J'ai voulu créer ce blog pour lui rendre hommage , pour le faire mieux connaître, ceux qui viendront à son univers ne le regretteront pas.
Pour faciliter les choses à ceux qui ne maîtrisent pas totalement la langue de Woody Allen , une partie de ce blog sera consacrée à des traductions de chansons , mais aussi d'articles et surtout d'interviews , car Jeff avait beaucoup de belles choses à dire et les disaient fort bien , j'essaierai de ne pas trahir sa pensée .
« LIFE IS A TOTAL CHAOS »

Quand Jeff vient au monde le 17 novembre 1966 dans la banlieue de Los Angeles, ça n'est pas sous les meilleurs auspices . Ses parents sont très jeunes , déja séparés , et son père Tim Buckley -future icône californienne des années 60- a d'autres aspirations que de jouer au papa modèle : 2 jours après la naissance de son fils , il sort son premier disque . Il a déjà renoncé à son rôle de père pour vivre des aventures qui excluent son enfant et sa femme Mary , qui élèvera Jeff comme elle pourra , au milieu des nombreux déménagements , et difficultés financières . Musicienne à la formation classique , elle reconnaît vite les dispositions du petit Jeff pour la musique et fera tout pour l'encourager .
Après une enfance instable marquée par la mort en 1975 du père qu'il n'avait rencontré qu'une fois , puis une adolescence solitaire , il part étudier au Guitar Institute de Los Angeles où il affirme sa vocation . A 18 ans , c'est un garçon lunaire , pas très bien dans sa peau , un peu sauvage . La seule chose dont il est sûr , c'est qu'il sera musicien . Une fois son diplôme en poche , il s'aperçoit que ça n'est pas si facile , végète dans des petits groupes , travaille à droite à gauche pour survivre , déprime car rien ne se passe ; jusqu'en avril 1991 ou , par une ironie du destin , le coup de pouce lui viendra de son père décédé depuis 15 ans : on lui demande de participer à New-York à un concert hommage, ce qu'il accepte avec des sentiments mêlés. "D'abord , je n'ai pas voulu y aller . Quand mon père est mort , je n'ai pas été invité à son enterrement , et cela m'a toujours blessé.
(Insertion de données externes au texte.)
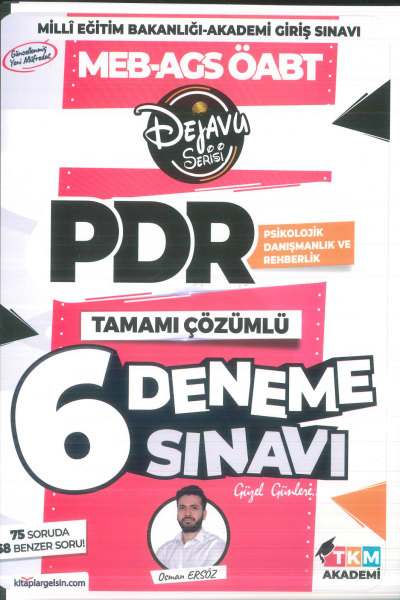 2025 ÖABT Psikolojik Danışmanlık ve Rehberlik DEJAVU 6 Deneme Çözümlü - Osman Avni Ersöz TKM Akademi Fenomen Fotokopi - YKS - KPSS - ALES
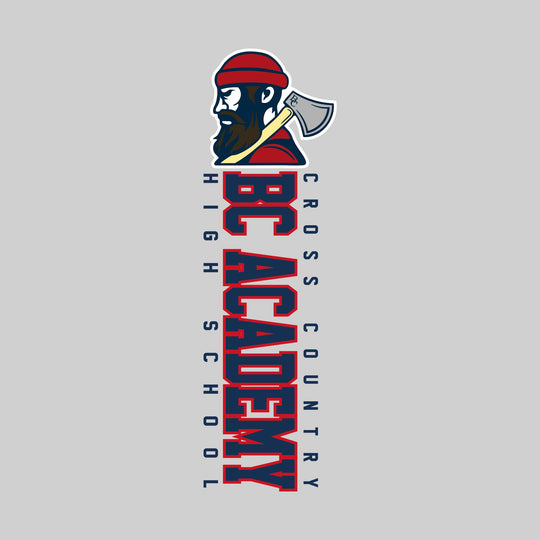 Bay City Academy - Cross Country - Vertical School Name with Upper Mascot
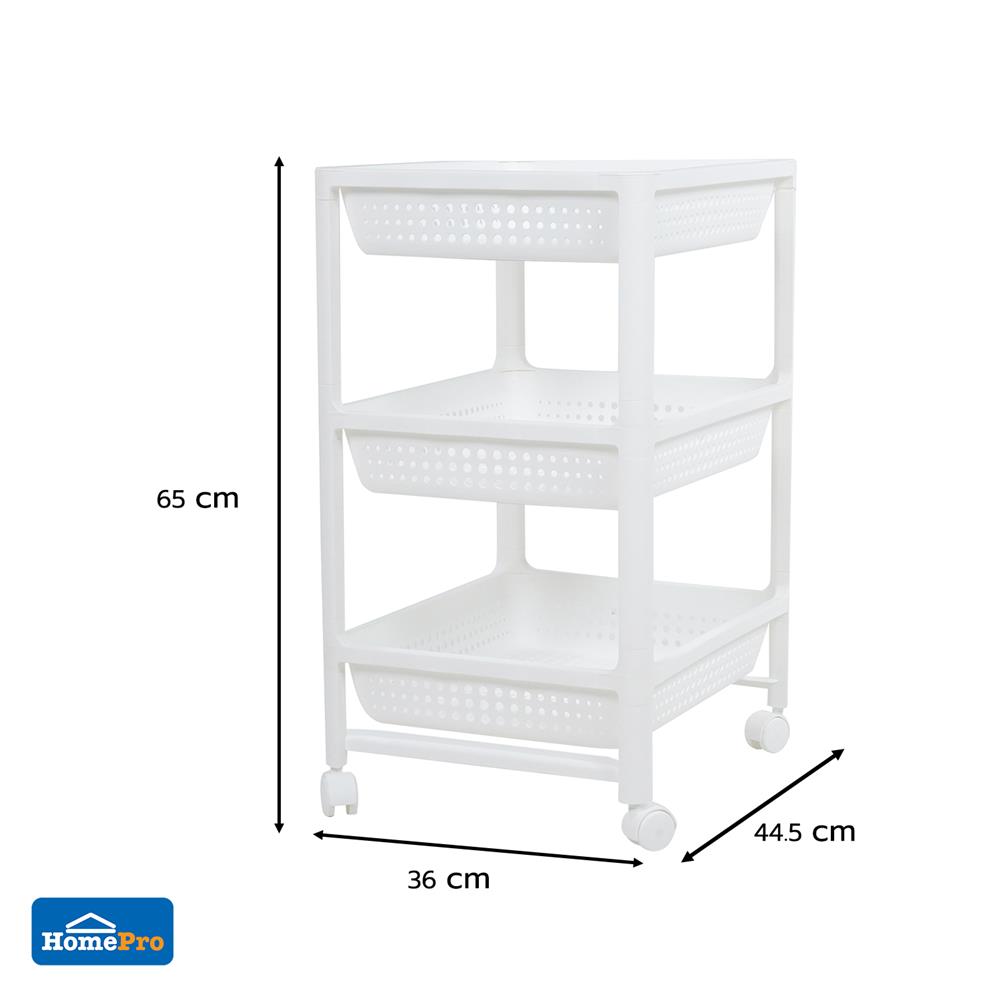 ชั้นวางของพลาสติก 3 ชั้น KECH OKEY 36X44.5X65 ซม.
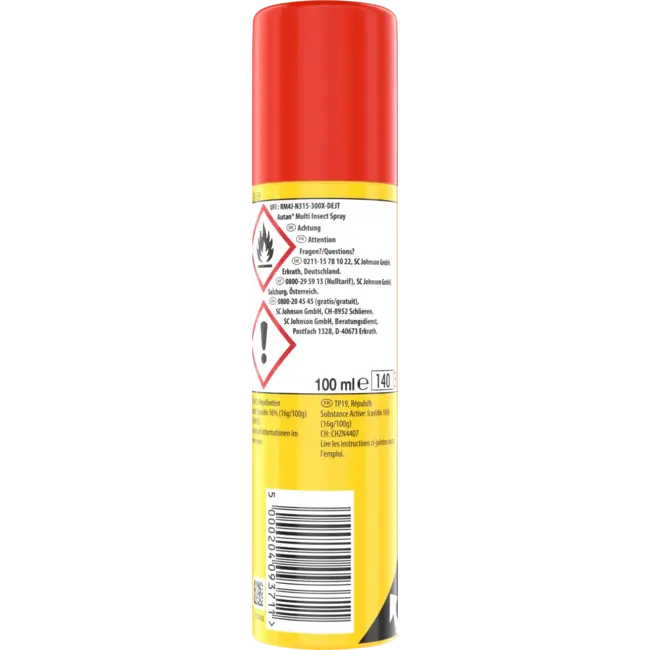 Autan Insectenwerende Spray Multi Insect, Verstuiver 100 ml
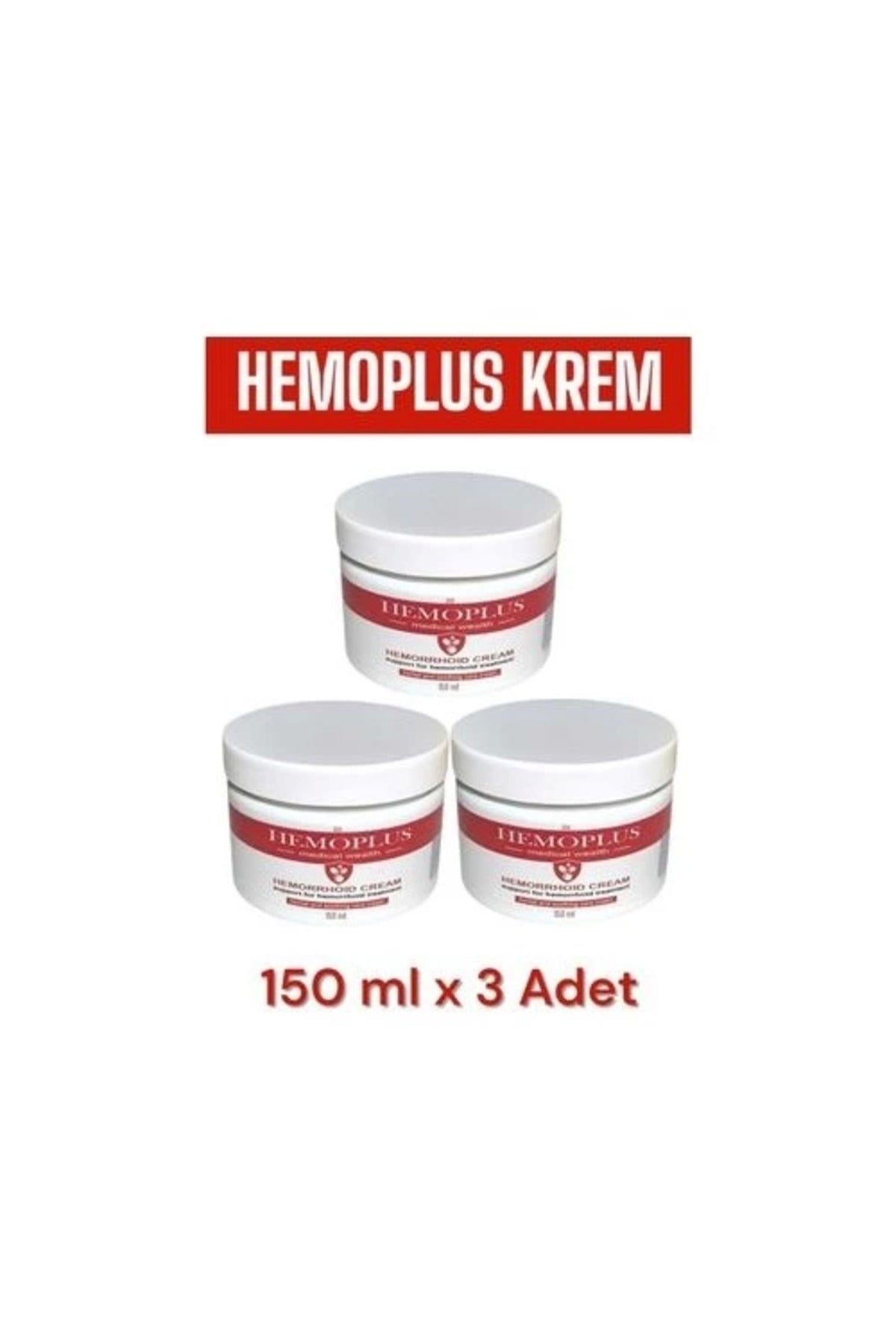 Hemoplus Rahatlatma Bakım Kremi 150 ml x 3 Adet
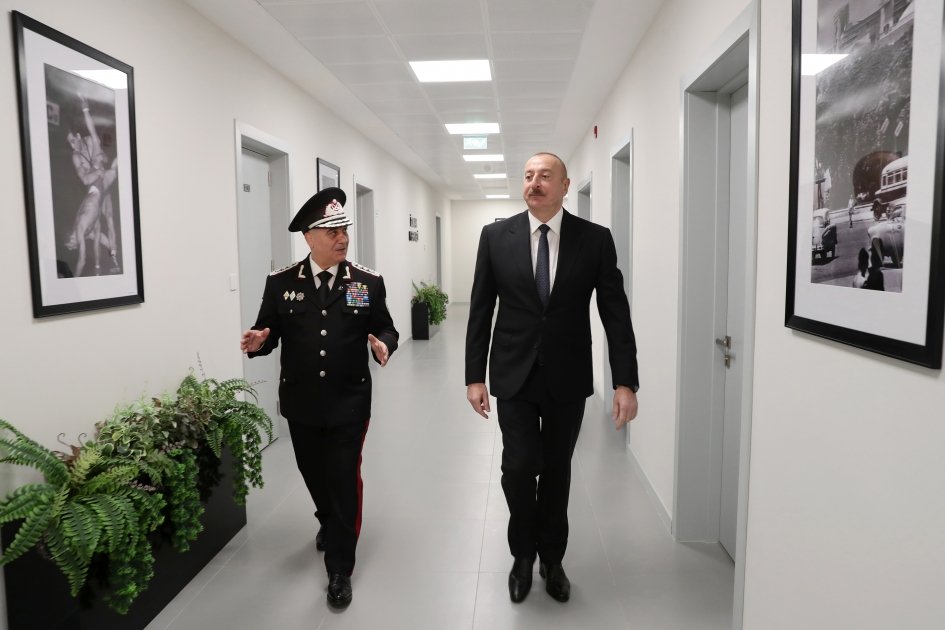Президент Ильхам Алиев принял участие в открытии новых административных зданий Службы государственной безопасности (ФОТО)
J'ai pensé que si j'acceptais , chantais , et lui rendais hommage, j'en aurai fini avec ça . Je ne voulais pas figurer sur l'affiche .C'était quelque chose de très personnel" . Les rencontres qu'il fait à cette occasion l'incitent à quitter définitivement la Californie début 1992 pour s'installer à New-York où tout va très rapidement s'enchainer : Il commence à jouer dans des cafés du Lower East Side , son quartier de prédilection , au début devant 20 personnes qui l'écoutent à peine , puis devant un public grandissant , épaté par sa voix , son charisme et son originalité, enfin devant les pontes des maisons de disque qui vont bientôt se battre pour signer le jeune homme si prometteur .
Fin 92 , il choisit Sony sous le label Colombia , il n'a plus qu'à trouver des musiciens pour finaliser l'enregistrement d'un premier album. Mick Grondhal à la basse et Matt Johnson à la batterie le rejoignent , suivis plus tard par Michael Tighe à la deuxième guitare .
Une fois le groupe constitué , l'album « Grace » est enregistré et sort le 23 août 1994 . Applaudi par la critique , l'album reste pourtant confidentiel , aucun tube n'envahit les ondes , les ventes restent modestes , ce qui ne pose aucun problème à Jeff qui n'a jamais voulu être un produit commercial et préfère jouer dans des petites salles devant un public limité , mais passionné . Depuis janvier 1994 , Jeff est en sur les routes , d'abord seul , puis avec son groupe , et ne fera plus que ça pendant 2 ans . Ca ne lui ressemble pas de faire les choses à moitié, alors , il se donne à fond à chaque concert , dans chaque ville , de Londres à Sidney en passant par Tokyo ou Paris . Lorsque la tournée se termine début 96 et qu'il peut enfin poser ses valises , il est épuisé physiquement et moralement, déboussolé , en panne d'inspiration pour le second album qu'on lui réclame à grands cris. "J'aime être en tournée . C'est juste que maintenant , j'ai vraiment besoin de me reposer et d'essayer de me rappeler qui je suis vraiment".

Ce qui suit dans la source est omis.